We also found an increased risk of overall mortality following a fracture in the present study, which is consistent with findings reported from previous studies on fracture and mortality [14, 31]. A cohort study of more than 80,000 PCa patients also found that men who sustained a fracture have a two-fold increase in death rate compared to those without a fracture [32]. However, we did not observe a significant difference in the risk of mortality when pathologic fractures and SCC were excluded. This finding indicates that pathologic fractures and SCC significantly contributed to decreased survival. Indeed, the mortality risk increased 3.31-fold following a pathologic fracture and/or SCC.
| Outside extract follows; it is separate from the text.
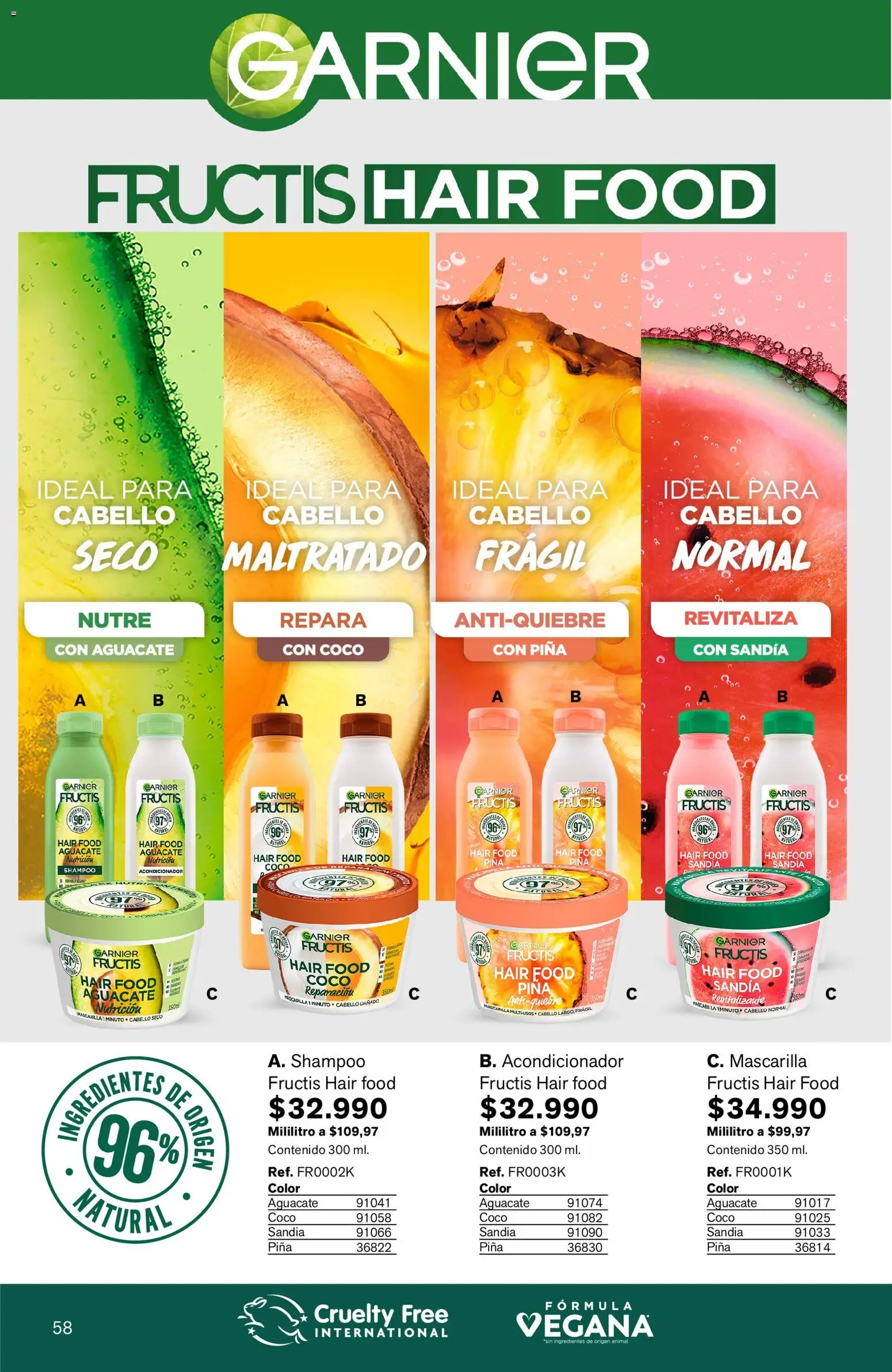 Leonisa revista - valida desde el 15.05.2026 | Página: 58 | Productos: Aguacate, Piña, Mascarilla, Acondicionador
Our study has several strengths including a large sample size, a population-based cohort of men given ADT and relatively long follow-up time. There are several limitations of our analysis that should be noted. A major limitation was that majority of patients are not staged in NZCR (>70 %), and that some of the patients may have their cancer registered years after the actual diagnosis. To improve the accuracy of diagnosis date, we adjusted the date of diagnosis to the date when the first ADT was dispensed for patients who had their first ADT prescription before the diagnosis date recorded on the NZCR. As ADT can be commenced some time after diagnosis, the adjustment of diagnosis date may introduce bias. However, this is the best estimation for the date of diagnosis. Another limitation was that many fractures are not recorded in the NMDS, thus fracture risk may be underestimated. For example, fractures of the forearm are usually treated on an outpatient basis, in emergency clinics, and therefore will not be recorded in the NMDS. In addition, vertebral compressions are often asymptomatic, and are not diagnosed and recorded in the NMDS. Another limitation is the lack of data on certain risk factors of fracture, such as smoking status, alcohol consumption, use of corticosteroids, BMI, and family history of fracture, thus we were not able to adjust our analysis for these important potential confounders.

Conclusions

In the present population-based cohort study, we confirmed the association between ADT and fracture risk in the New Zealand PCa population. The excess fracture risk was partly driven by pathologic fractures and SCC. We believe identification of those at higher risk of fracture and close monitoring of bone health while on ADT in this group is an important factor that needs to be taken into account.